## Index Objects
- fundamental components of a DataFrame or Series that define the labels of rows and columns.

### **Key Features of Index Objects**
1. **Immutable**:
   - Index objects are immutable, meaning you cannot change their values after they are created. However, you can create a new index and reassign it.

2. **Holds Metadata**:
   - They store metadata about the axis, which includes labels for rows and columns.

3. **Supports Various Data Types**:
   - An Index can contain different types of data like strings, integers, or timestamps, depending on the DataFrame or Series.

4. **Automatically Assigned**:
   - When creating a DataFrame or Series without explicitly specifying an index, Pandas assigns default integer-based indexing (0, 1, 2, …).

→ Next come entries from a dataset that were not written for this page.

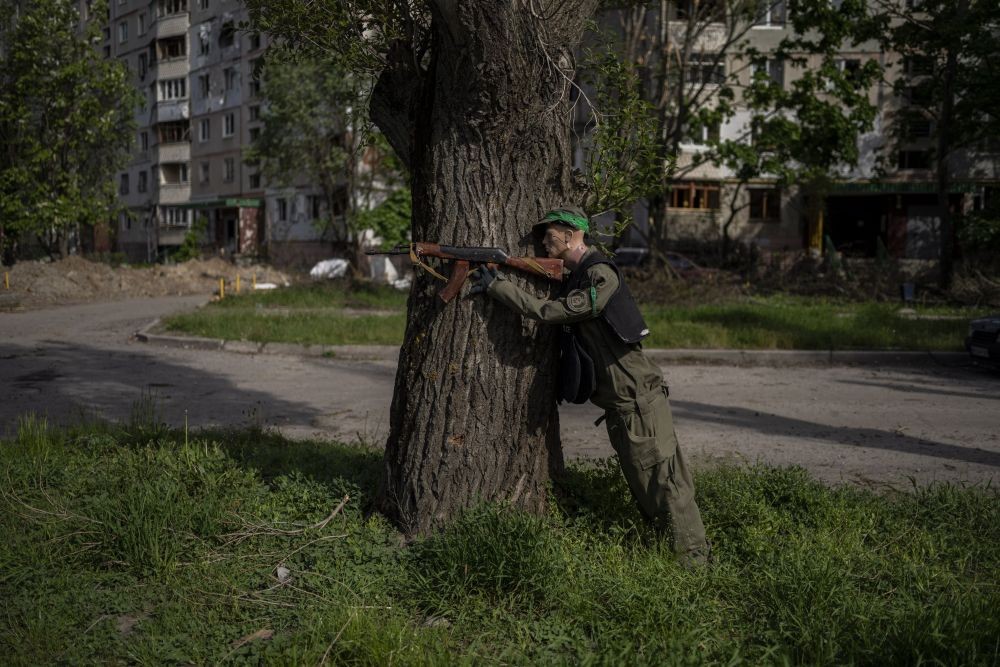 Kharkiv: A mannequin dressed as a soldier is placed near a road in north Kharkiv, Ukraine, Friday, May 13, 2022. AP/PTI(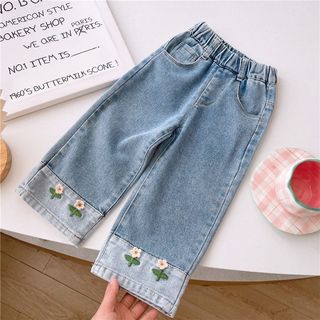  BST Quần jean dáng xuông Little Maven thêu hoa cho bé quần jean dài bé gái chất liệu mềm mại - Little Maven Chính Hãng 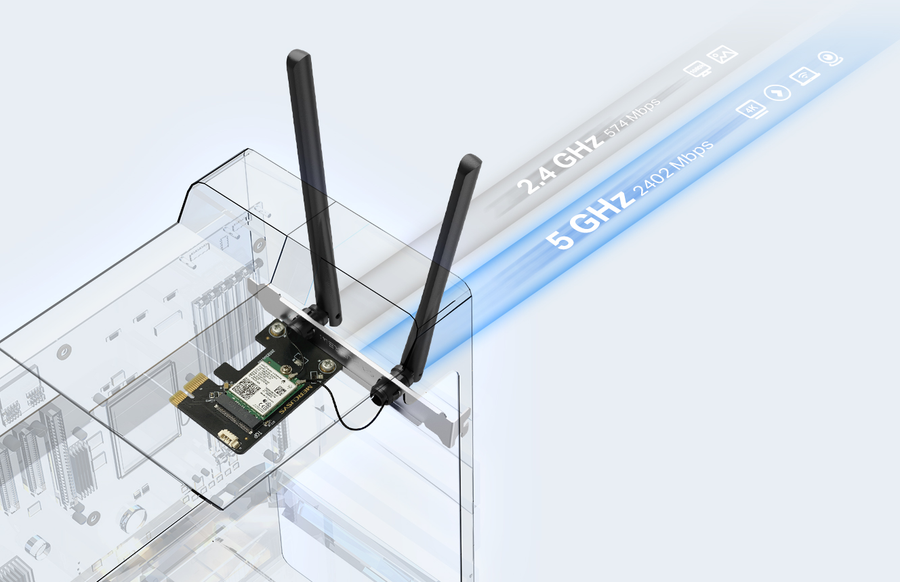 MA80XE - TP-Link Mercusys Wireless PCIe Adapter AX3000 + Bluetooth5.2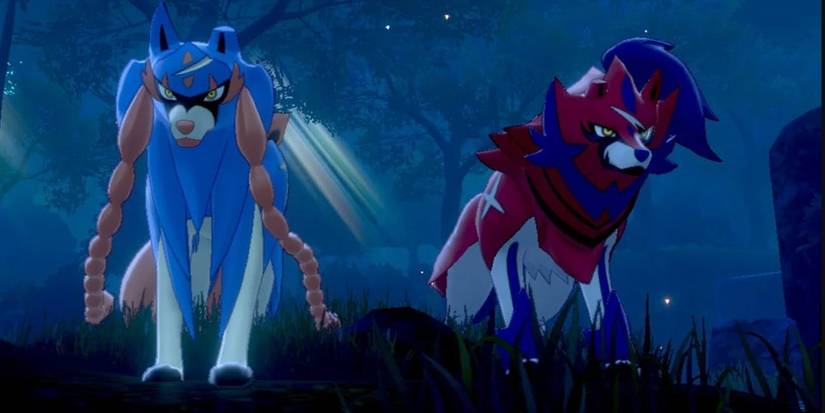 Zacian and Zamazenta stand next to each other in Pokemon Sword and Shield.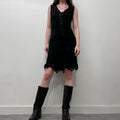 black silk lace midi dress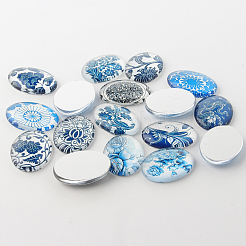 Blau und weiß floralen Thema Schmuck Glas oval flatback Cabochons GGLA-A003-18x25-YY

### **Advantages of Index Objects**
1. **Efficient Label-Based Operations**:
   - Provides fast lookup and alignment for labeled data.

2. **Supports Advanced Slicing**:
   - Allows complex slicing operations using labels.

3. **Enhanced Data Alignment**:
   - Automatic alignment of data in arithmetic operations.

4. **Metadata Storage**:
   - Can store descriptive information (e.g., `.name`) about data.


In [4]:
import numpy as np 
import pandas as pd
from pandas import Series, DataFrame

from IPython.core.interactiveshell import InteractiveShell
InteractiveShell.ast_node_interactivity = "all"

### Types of Index Objects

In [6]:
# default Index (rangeIndex):
# Automatically assigned when you don’t specify an index.
# Lightweight and efficient for numerical indexing.
df = pd.DataFrame({'A': [10,20,30]})
df

Unnamed: 0,A
0,10
1,20
2,30


In [7]:
# index:
# General-purpose index for a one-dimensional array of labels.
# Can hold mixed data types
idx = pd.Index([1,2,3])
idx

Index([1, 2, 3], dtype='int64')

In [8]:
# MultiIndex:
# Used for hierarchical or multi-level indexing.
# Allows working with higher-dimensional data in a lower-dimensional DataFrame.
multi_idx = pd.MultiIndex.from_tuples([('A', 1), ('A', 2), ('B', 1)])
multi_idx

MultiIndex([('A', 1),
            ('A', 2),
            ('B', 1)],
           )

In [9]:
# DatetimeIndex:
# For date and time data.
# Supports date-related operations like filtering, slicing, and frequency conversion.
date_idx = pd.date_range(start='2023-01-01', periods=5)
date_idx

DatetimeIndex(['2023-01-01', '2023-01-02', '2023-01-03', '2023-01-04',
               '2023-01-05'],
              dtype='datetime64[ns]', freq='D')

In [10]:
# CategoricalIndex:
# For categorical data, providing memory-efficient operations for repeated labels
cat_idx = pd.CategoricalIndex(['a', 'b', 'a', 'c'])
cat_idx

CategoricalIndex(['a', 'b', 'a', 'c'], categories=['a', 'b', 'c'], ordered=False, dtype='category')

In [11]:
# IntervalIndex
# Represents a set of intervals, used in range-based data.
interval_idx = pd.interval_range(start=0, end=5)
interval_idx

IntervalIndex([(0, 1], (1, 2], (2, 3], (3, 4], (4, 5]], dtype='interval[int64, right]')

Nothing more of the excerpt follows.